• **Exercise materials**:

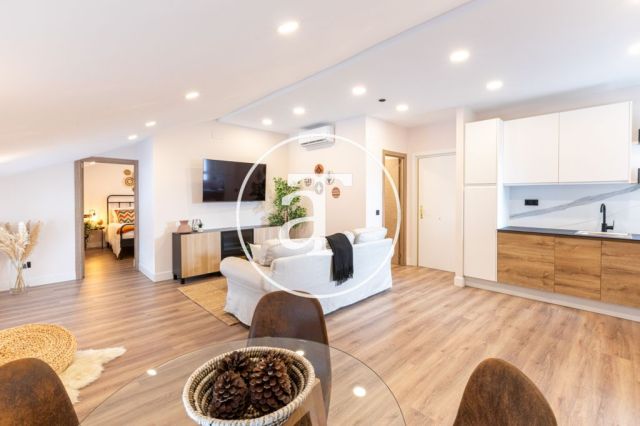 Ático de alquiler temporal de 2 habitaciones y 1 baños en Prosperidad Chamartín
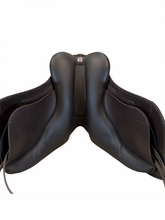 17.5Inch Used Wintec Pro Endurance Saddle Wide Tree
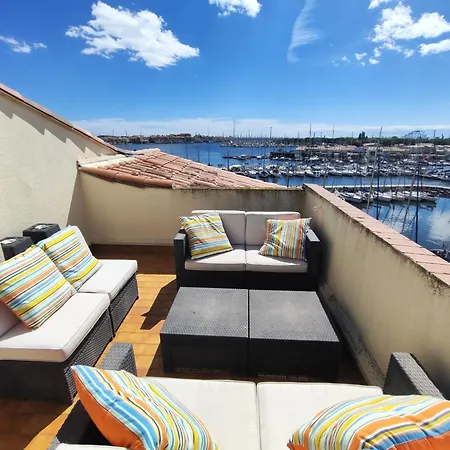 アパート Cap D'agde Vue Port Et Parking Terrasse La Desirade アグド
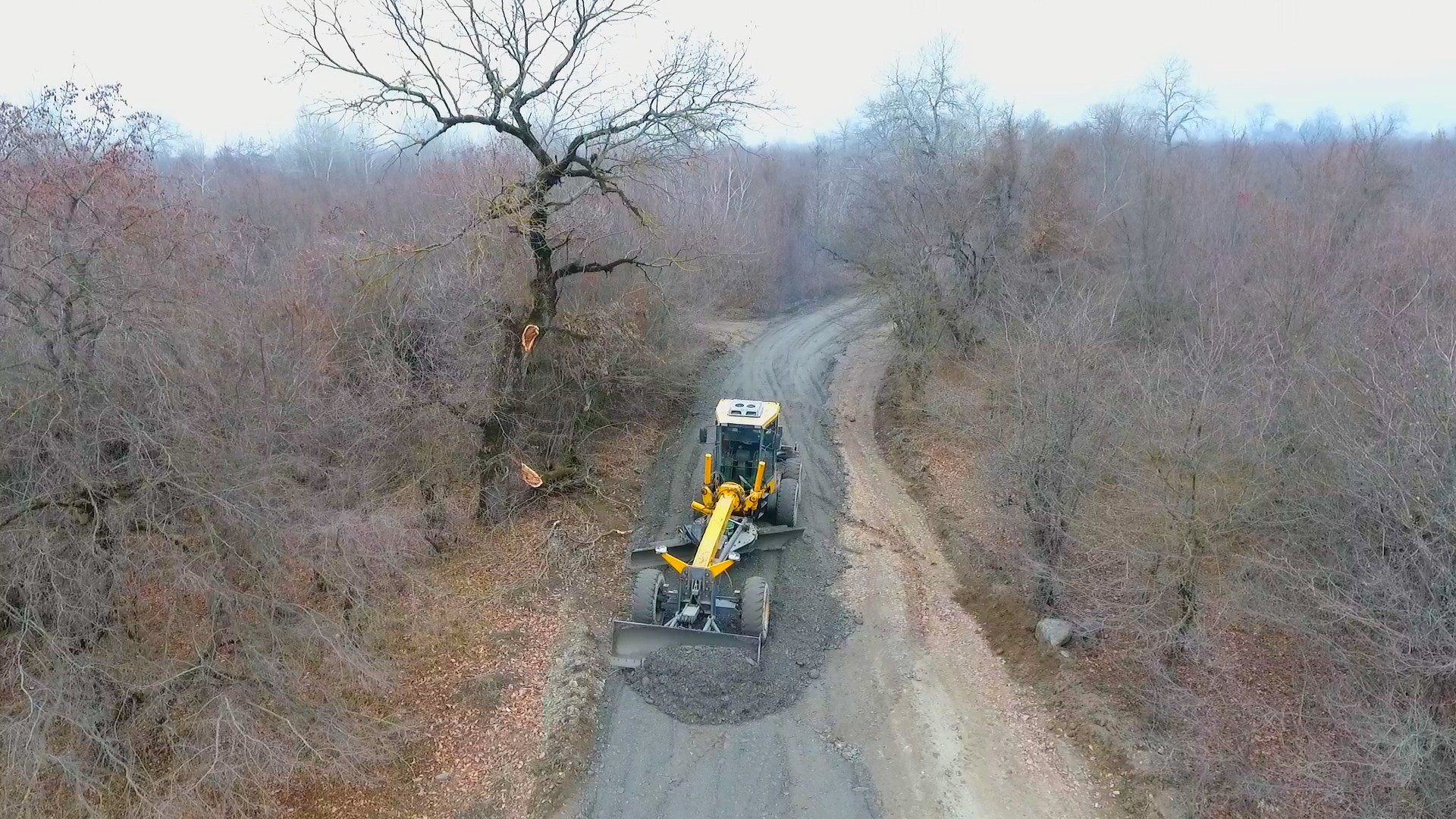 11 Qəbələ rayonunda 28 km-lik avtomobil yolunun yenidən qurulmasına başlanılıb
==
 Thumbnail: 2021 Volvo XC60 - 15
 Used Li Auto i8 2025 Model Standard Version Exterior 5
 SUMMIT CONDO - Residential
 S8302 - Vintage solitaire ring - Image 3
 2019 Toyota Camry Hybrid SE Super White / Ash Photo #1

• **Exercise directions**:
What you write must match the listing exactly, from the line with "17.5Inch Used Wintec" up to and including the line with "11 Qəbələ rayonunda". Pictures stay out.

• **Answer for this exercise**:
 17.5Inch Used Wintec Pro Endurance Saddle Wide Tree
 アパート Cap D'agde Vue Port Et Parking Terrasse La Desirade アグド
 11 Qəbələ rayonunda 28 km-lik avtomobil yolunun yenidən qurulmasına başlanılıb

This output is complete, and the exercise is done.